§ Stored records
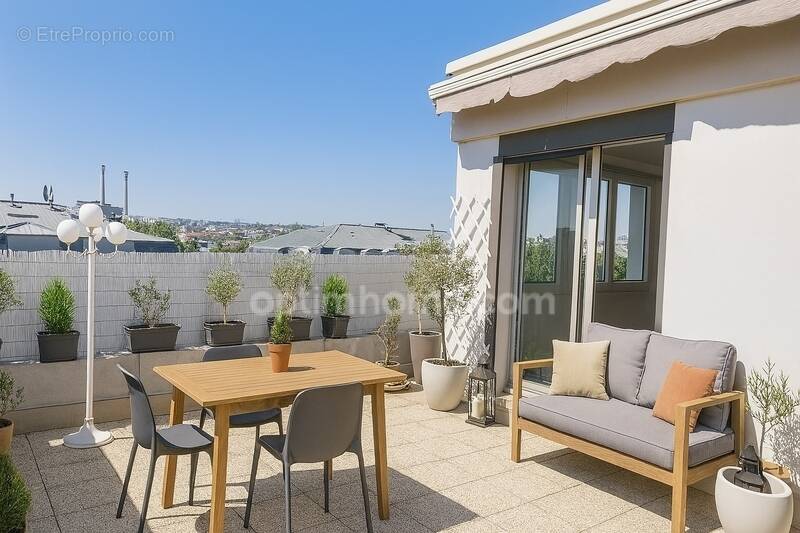 Appartement à MAISONS-ALFORT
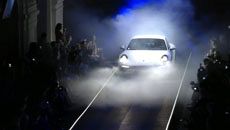 Презентация нового автомобиля Porsche 911 Carrera в ГУМе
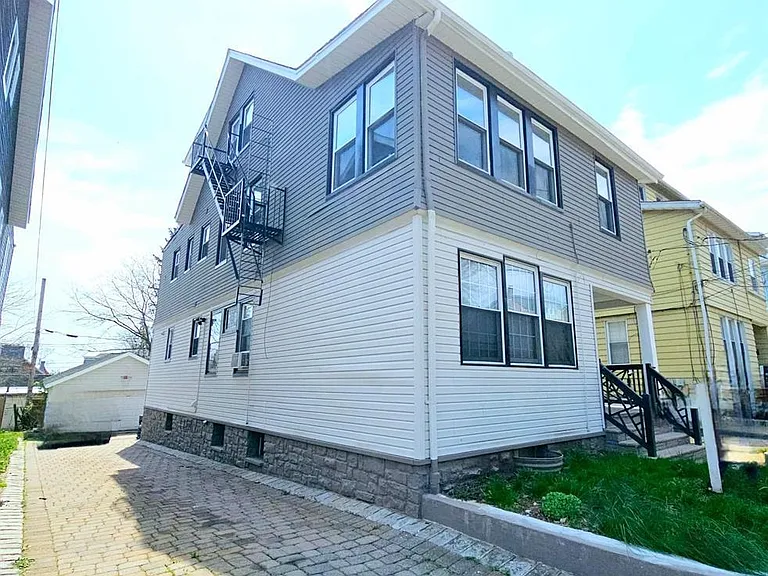 8 Boyden Pkwy S #1 — Photo 2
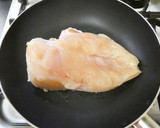 南蛮酢でコク旨！柔らか鶏むね肉の甘酢煮作り方3写真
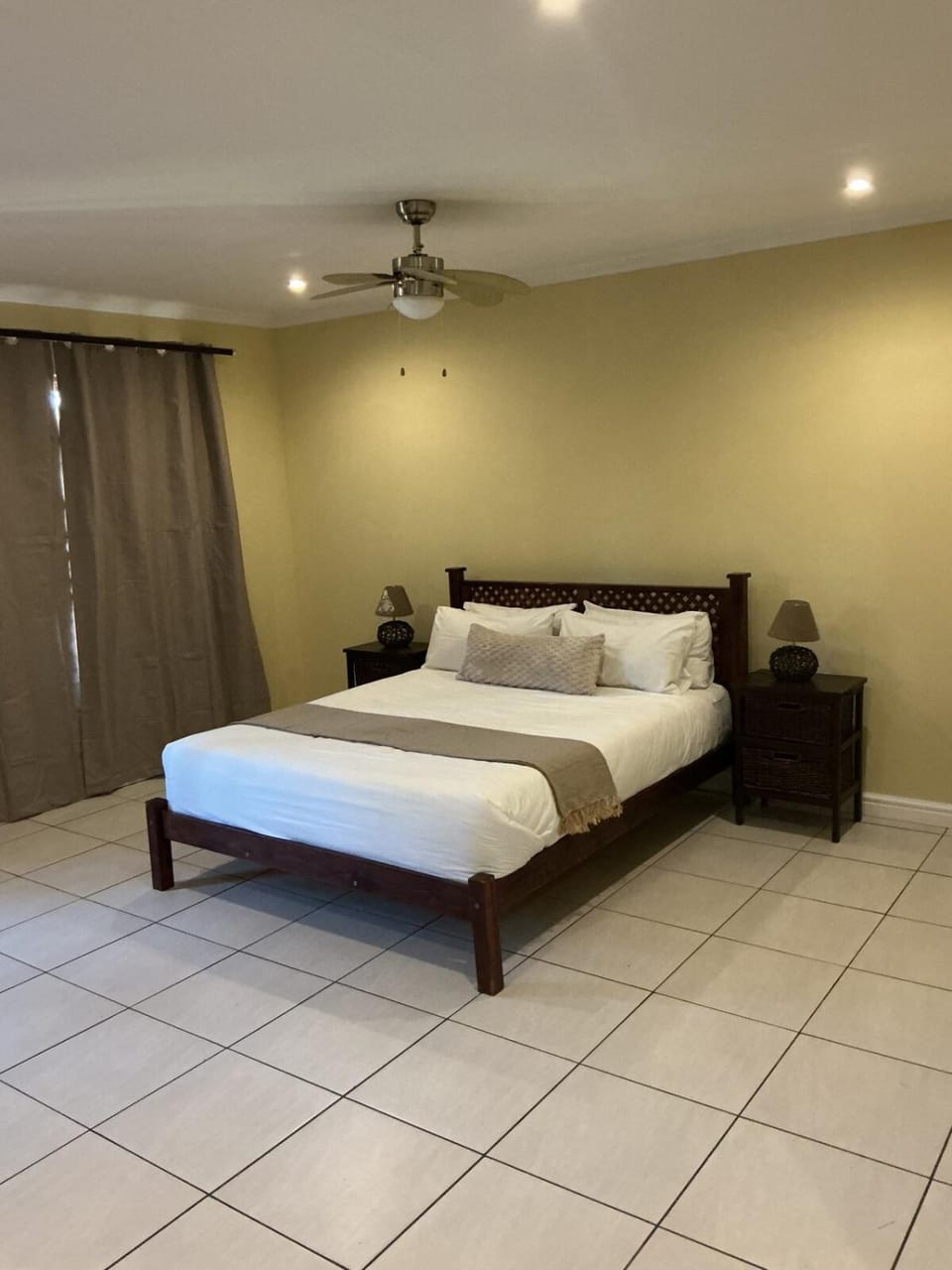Classic Cape Dutch Studio Apartment Apartment in Cape Town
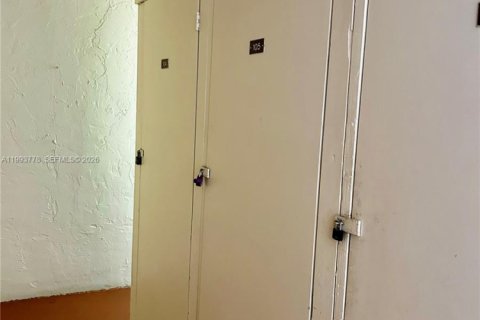 Купить кондоминиум в Пемброк-Пайнс, Флорида 1 спальня, 83.61м2, № 2055494 - фото 18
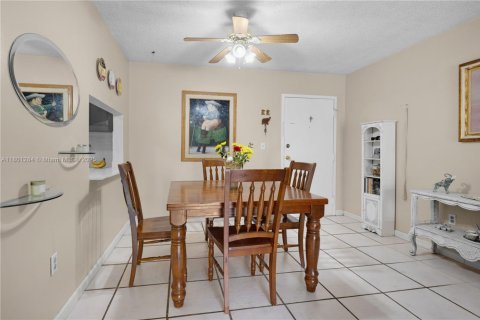 Condo in Miami, Florida, 2 bedrooms  № 1683439 - photo 20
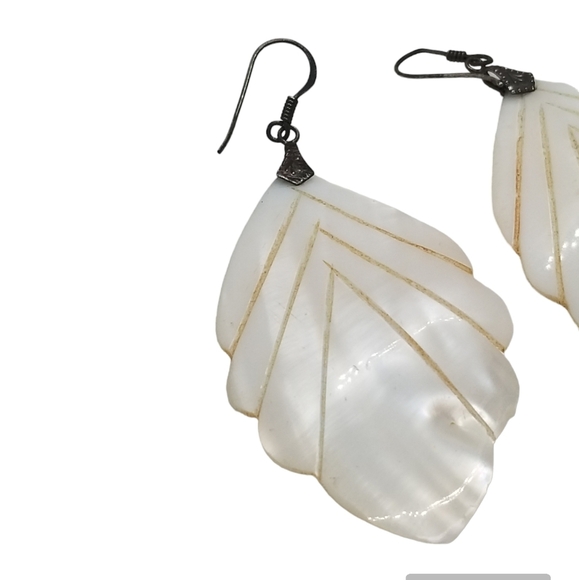 VINTAGE ART DECO CARVED MOTHER OF PEARL LEAF & STERLING SILVER HOOK EARRINGS - Picture 5 of 7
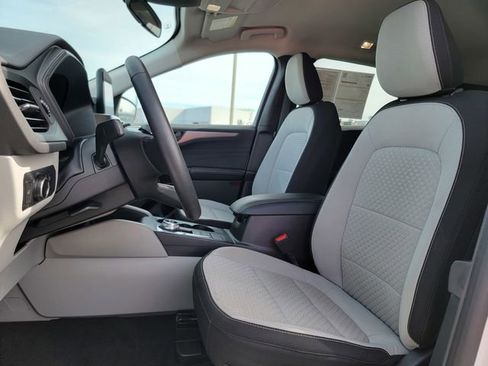 Certified 2023 Ford Escape Active AWD/4WD image 20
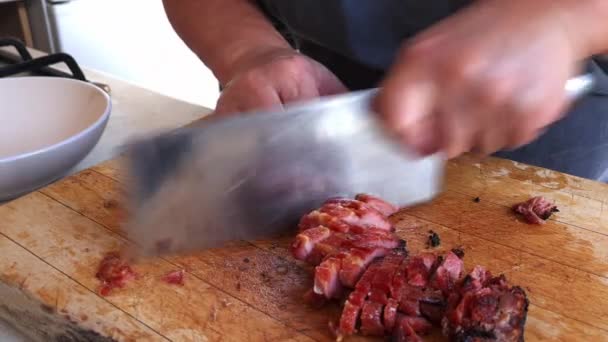 一个厨师切了一部分广东菜蜂蜜烤猪肉 — 图库视频影像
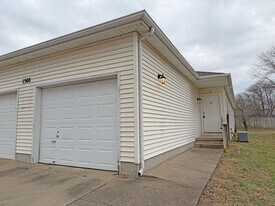 1508 W Rainey St in Ozark, MO - Building Photo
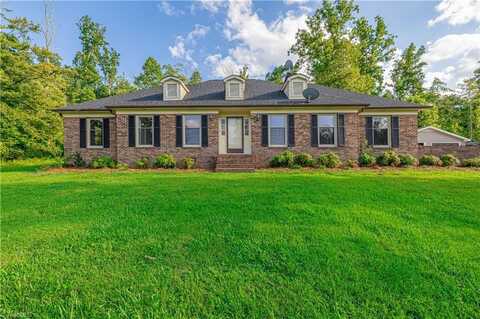 1125 Adams Ridge Road, Walnut Cove, NC 27052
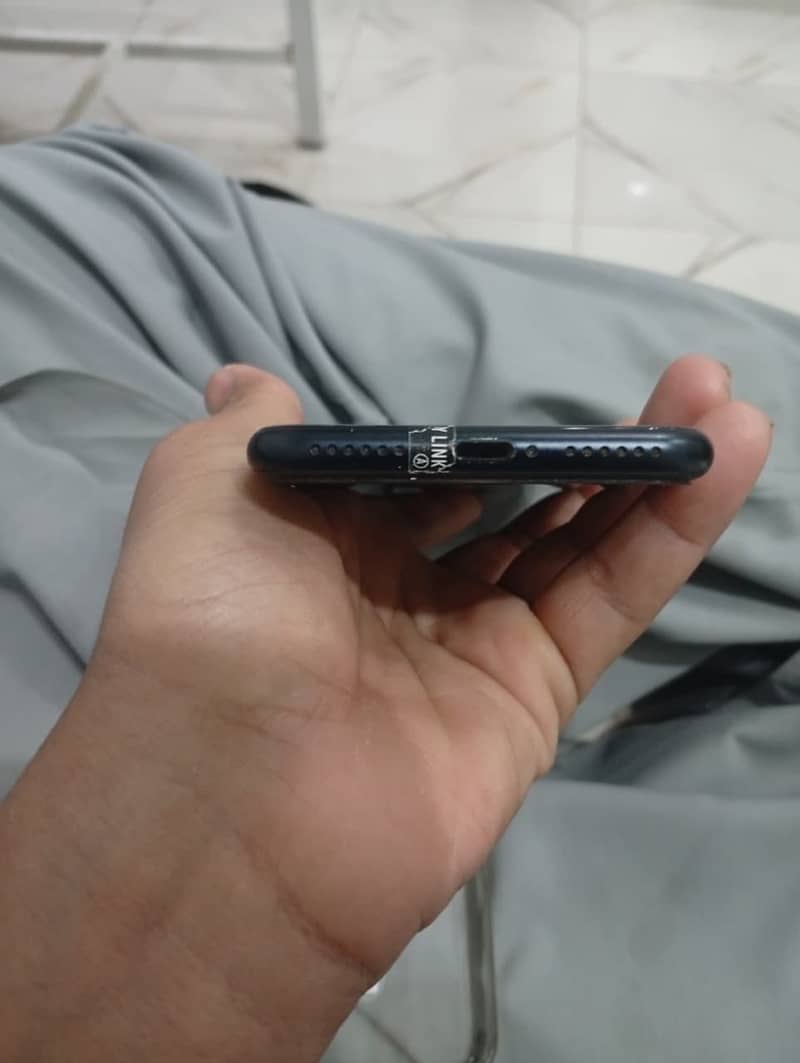 IPHONE SE 3RD GENERATION 6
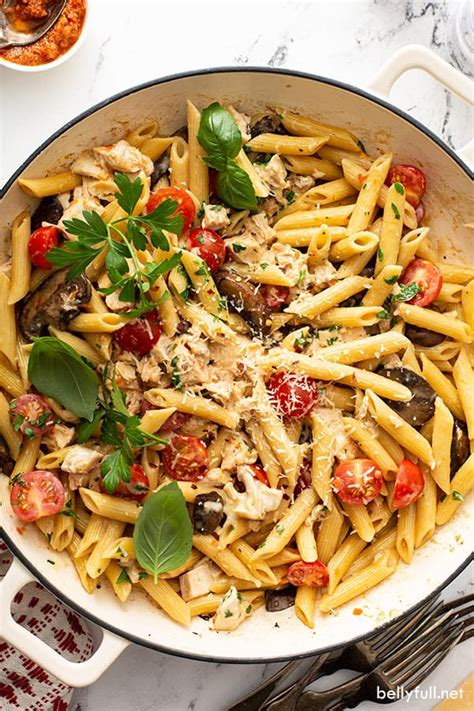 Tuscan Chicken Pasta Delicious Creamy Pasta In Minutes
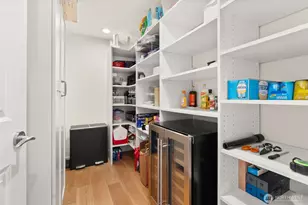 10047 Main St, Bellevue, WA 98004 - Photo 21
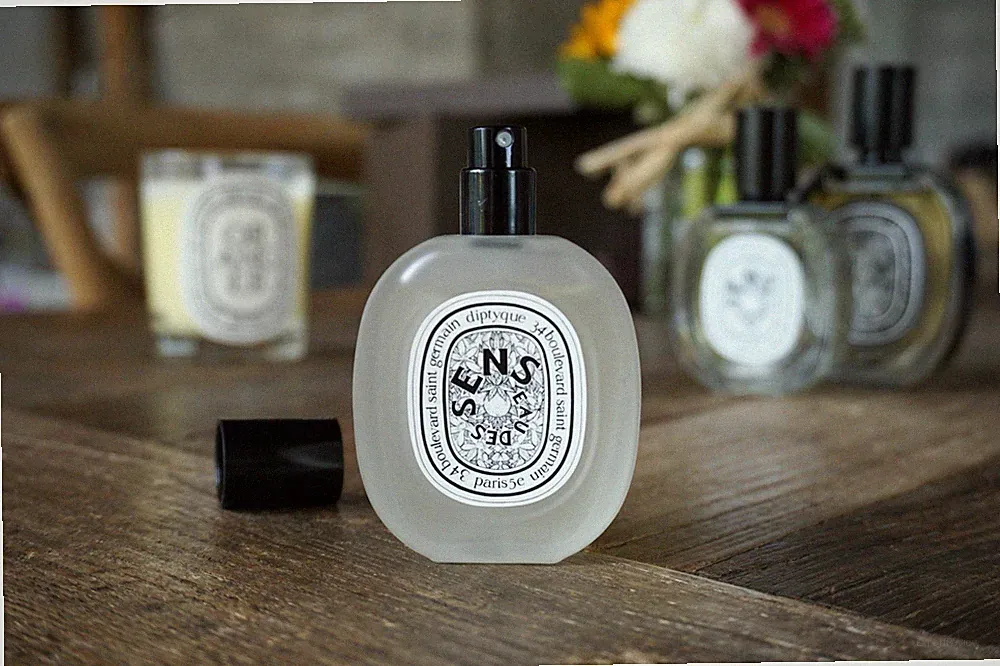 Diptyque Eau De Sans Hair Mist 1 floz New In Box Citrus Floral Hair Fragrance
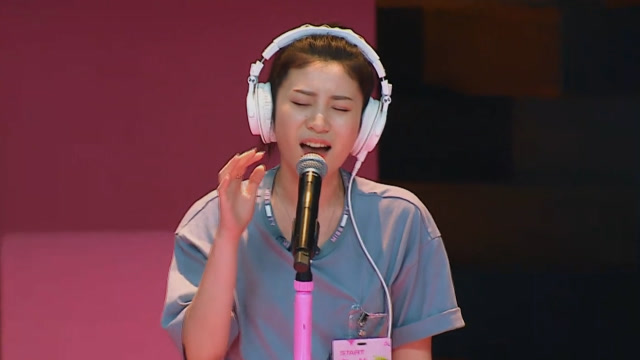 明日之子水晶时代:李兰汪闻婷兰西雅歌声动人,点燃舞台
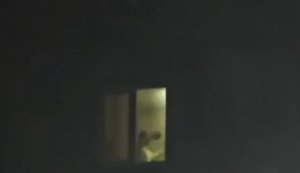 "Грець із ним, танцюємо!": киянин підкорив соцмережі запальними танцями у квартирі без світла. ВIДЕО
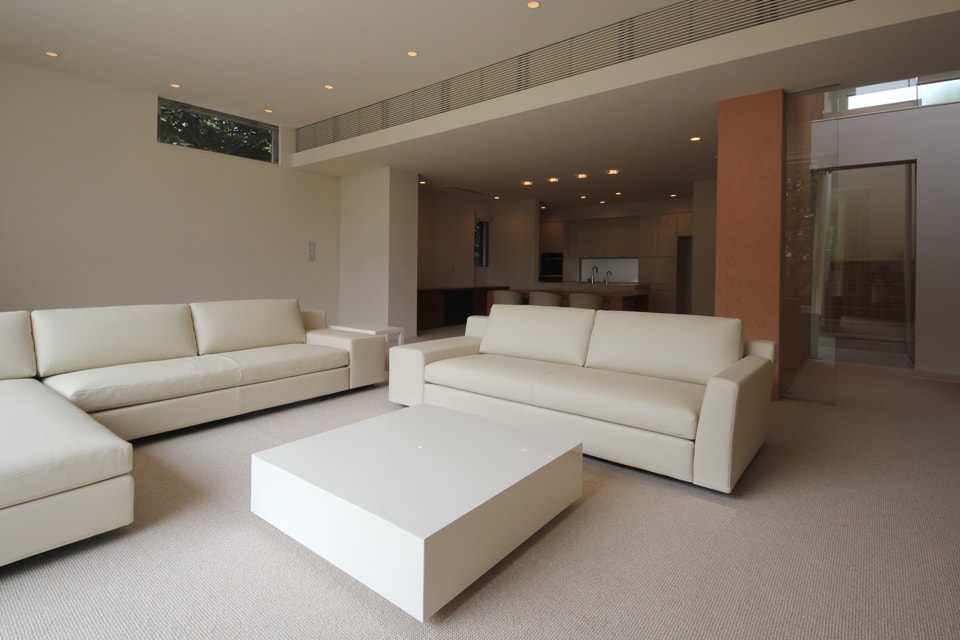 リビングテーブル ／ホワイト鏡面仕上げ　W1,000×D1,000×H300（オーダー製作）　東京都品川区 I邸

§ What the task asks
A word-for-word copy is needed of the lines from the line with "明日之子水晶时代:李兰汪闻婷兰西雅歌声动人,点燃舞台" through the last line of the entries above, with both ends kept and the pictures dropped.

§ Worked solution
 明日之子水晶时代:李兰汪闻婷兰西雅歌声动人,点燃舞台
 "Грець із ним, танцюємо!": киянин підкорив соцмережі запальними танцями у квартирі без світла. ВIДЕО
 リビングテーブル ／ホワイト鏡面仕上げ　W1,000×D1,000×H300（オーダー製作）　東京都品川区 I邸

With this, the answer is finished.